Rahul Gandhi might eat beef or he might not eat beef. But that is not Sakshi Maharaj's or Sadhvi Prachi's business. Whether he made the remarks in sardonic jest or in all seriousness, Maharaj was displaying classic troll behavior - no matter what the event, no matter how unrelated, find a way to tie it to your opposition leader and flog your pet cause.

In Sakshi Maharaj's case it was a twofer - the sacred cow and his beef with Rahul Gandhi.

It's a strange and whimsical God that punishes hapless people in Nepal for the alleged transgressions of Rahul Gandhi in Kedarnath but logic never stands in the way of those who want to shamelessly use an earthquake as their bully pulpit for a little bonus PR.

Sakshi Maharaj and Sadhvi Prachi are hardly unique in this regard. The Advocate listed many religious leaders who are prone to read signs into all calamities as if they are Delphic oracles.

American preacher Pat Robertson blamed the 6.7 Northridge earthquake in California on "God's displeasure with gays and lesbians, pro-choice activists and perversity." Orthodox rabbi Yehuda Levin blamed the devastating 2010 earthquake in Haiti on the island's high HIV rates. After the 9/11 attack, American preacher Jerry Falwell said "pagans and the abortionists, and the feminists, and the gays and lesbians who are actively trying to make that an alternative lifestyle" were among those who "helped this happen."

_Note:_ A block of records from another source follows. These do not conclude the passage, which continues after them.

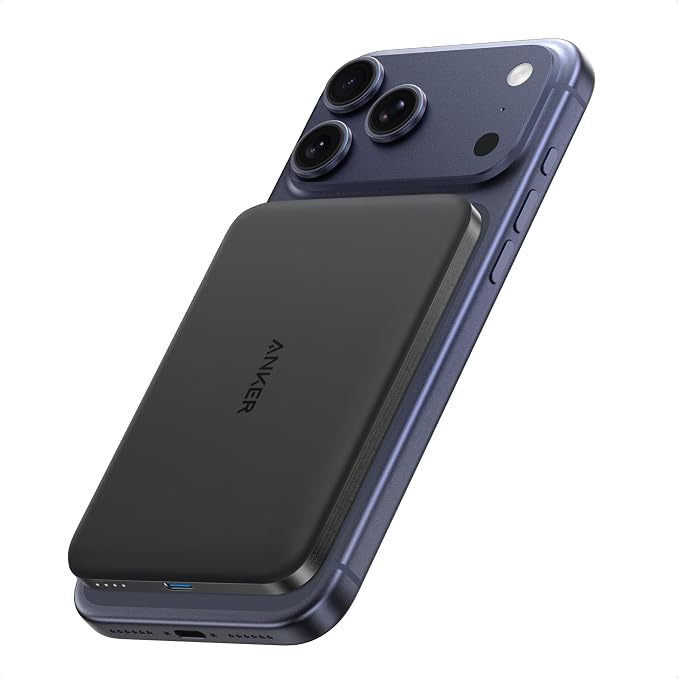 Anker Nano Magnetic Power Bank, 5,000mAh Qi2-Certified 15W Portable Charger | Ultra-Slim Wireless Battery Pack with Ergonomic Design, Compact for Travel, for iPhone 17 / 16 Series and More by Unknown
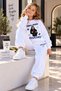 Girl's Manifest Zoktay Printed White Sweatshirt & Sweatpants 2-Piece Set - 3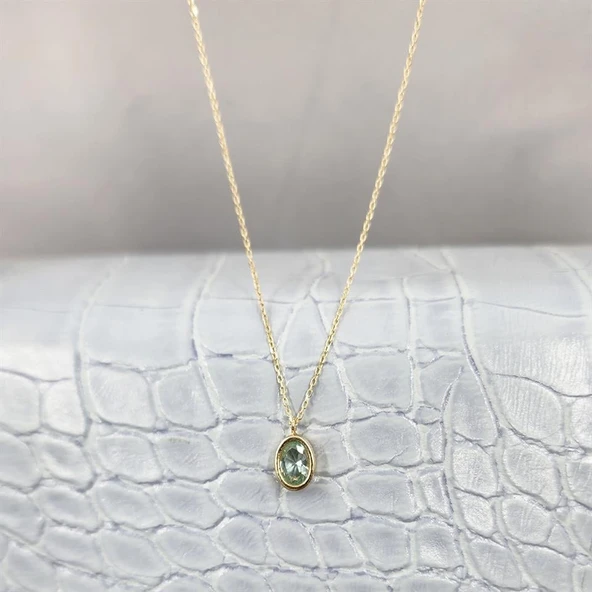 Altın Kolye - 1.05 CT Green Topaz Taşlı 14 Ayar Altın Modern Kolye- Green Topaz Tasarım Hediye Kolye - Resim 5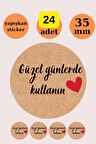 24 Adet - Güzel Günlerde Kullanın Bohem Kraft Sticker - Paketleme Sticker - Kraft Görünümlü Sticker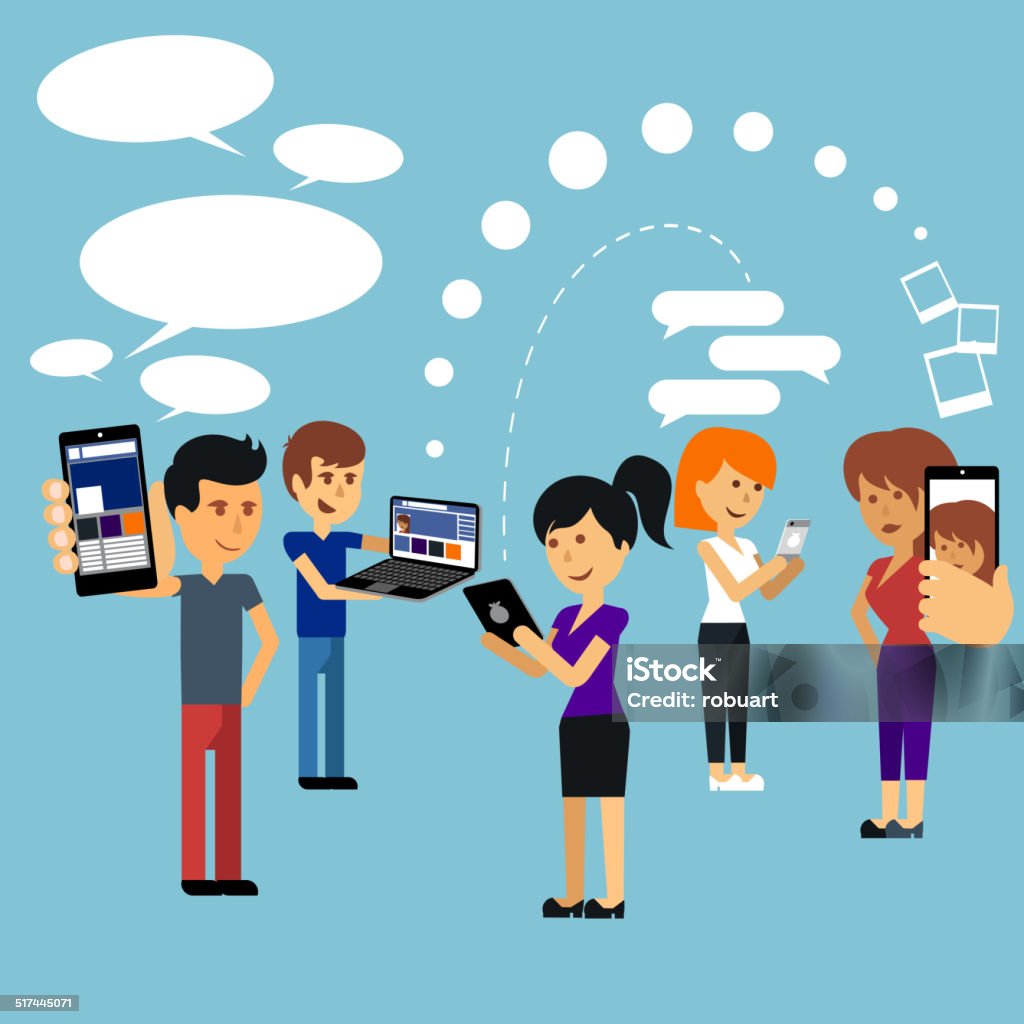 Young people man and woman using technology gadget Young people man and woman using technology gadget smartphone mobile phone tablet pc laptop computer in social network communication concept flat design cartoon style with copyspace Adult stock vector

God sometimes does have the last laugh. Robertson once blamed the approaching Hurricane Bonnie in Florida on Disney launching Gay Day in Disney World. But the hurricane suddenly veered away, gave Florida a miss and battered the east coast instead. One of the places hardest hit was the headquarters of Robertson's own 700 Club in Virginia.

But that has not shut up Robertson and his ilk. Sakshi Maharaj merely follows in that grand tradition.

The difference, however, is Maharaj is a BJP MP, elected and accountable, a representative of the people in the way the wild and woolly Robertsons are not. The fulminations of an American televangelist can be dismissed as wild-eyed ranting of deluded PR-hungry self-styled godmen. And they are the bosses of their little religious empires and can decide the earth is flat if they want.

 With Sakshi Maharaj however this is our tax rupees at work.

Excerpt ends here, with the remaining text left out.